IJO winter conference at the Broadmoor Resort “The Independent Jewelers Organization (IJO) will hold its winter conference at the world-renowned Broadmoor Resort in Colorado Springs this week.” JCK highlights that the event, running Feb. 28–March 3, brings “top vendors,” industry education, networking, and social events—a typical mix for a trade conference where new lines, repair technologies, and retail strategies surface. For dealers and collectors who attend, the Broadmoor setting makes for concentrated, face-to-face vendor evaluation: examine vendor catalogs for maker marks, request assay or gemstone reports for high-value pieces, and use networking breaks to ask peers about warranty, service, and secondary-market demand. JCK does not reproduce the conference schedule or speaker list, so expect to follow up with IJO for session details; in the meantime, pack loupe and scale—you’ll want to inspect hallmark clarity, solder quality, and stone calibrations when you meet exhibitors in person.

IAC webinar: defining responsibly sourced gold “IAC is restarting its webinar series this Wednesday with a discussion about how to define ‘responsibly sourced gold.’ This webinar, the first in a series developed by IAC in collaboration with the World Gold Council, asks a panel of esteemed experts to answer basic questions, such as: What constitutes responsibly sourced gold? What are the related issues with regards to human rights and climate?” The session is scheduled for Feb. 25, 11:30 a.m.–1:15 p.m. ET; JCK’s agenda flags the collaboration but does not list panelists or say whether the webinar will be recorded or how attendees can access materials. As someone who follows supply-chain claims closely, look for the panel to parse concrete mechanisms—chain-of-custody documentation, third-party certification, and traceability technology—rather than accept “responsible” as shorthand. JCK’s preview does not name specific certification schemes; when you tune in, ask whether speakers reference recognized standards and verifiable programs, and whether case studies tie sourcing claims to audit trails, community benefits, or measurable emissions reductions.

AI-generated illustration
AI-generated illustration

A quick material note from the agenda JCK’s image caption at the close reads: “Top: Amethyst and phosphosiderite stretch bracelet with 18k yellow gold Crownwork finial, $1,595; Ray Griffiths.” It’s a helpful reminder that mid-range designer pieces continue to sit alongside trade events and policy discussions—designers are selling colored-stone work with substantial metal content and distinctive finials, and price points like $1,595 set expectations for materials and finish. When assessing similar pieces in-person or online, check whether the 18k gold finial is hallmarked, whether colored stones are natural or stabilized, and whether any included provenance or maker statements align with the piece’s construction.

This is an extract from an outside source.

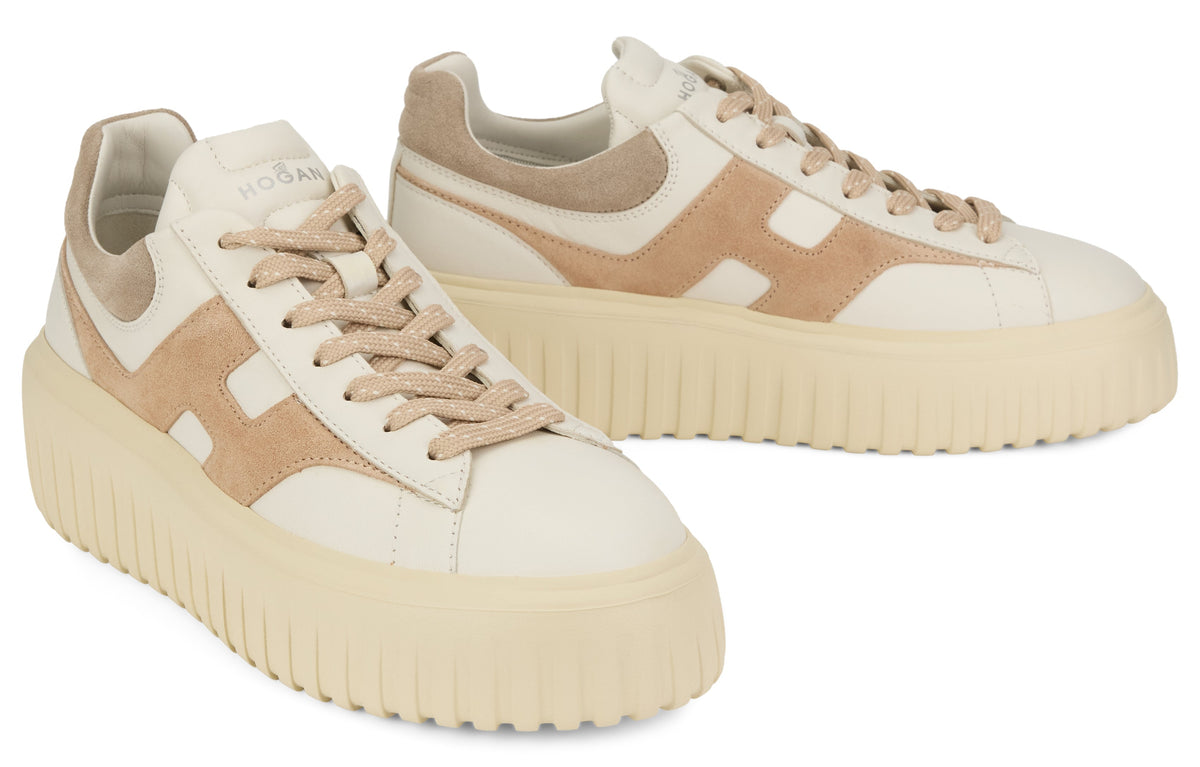 Sport shoes with high sole SHOES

Conclusion This week’s agenda stitches together cultural spectacle, commercial trade, professional development, and an industry-facing sustainability conversation: BAFTA offers a live window on what collectors and stylists choose to show; Coterie puts DEI‑focused designers like Gwen Beloti on the floor; IJO’s Broadmoor conference concentrates supplier relationships and education; and IAC’s webinar—with the World Gold Council at its side—aims to sharpen the language around responsibly sourced gold. For anyone buying, selling, or curating vintage and contemporary pieces, each event is an occasion to press for provenance, test claims against physical evidence, and seek the documentation that separates marketing from verifiable practice.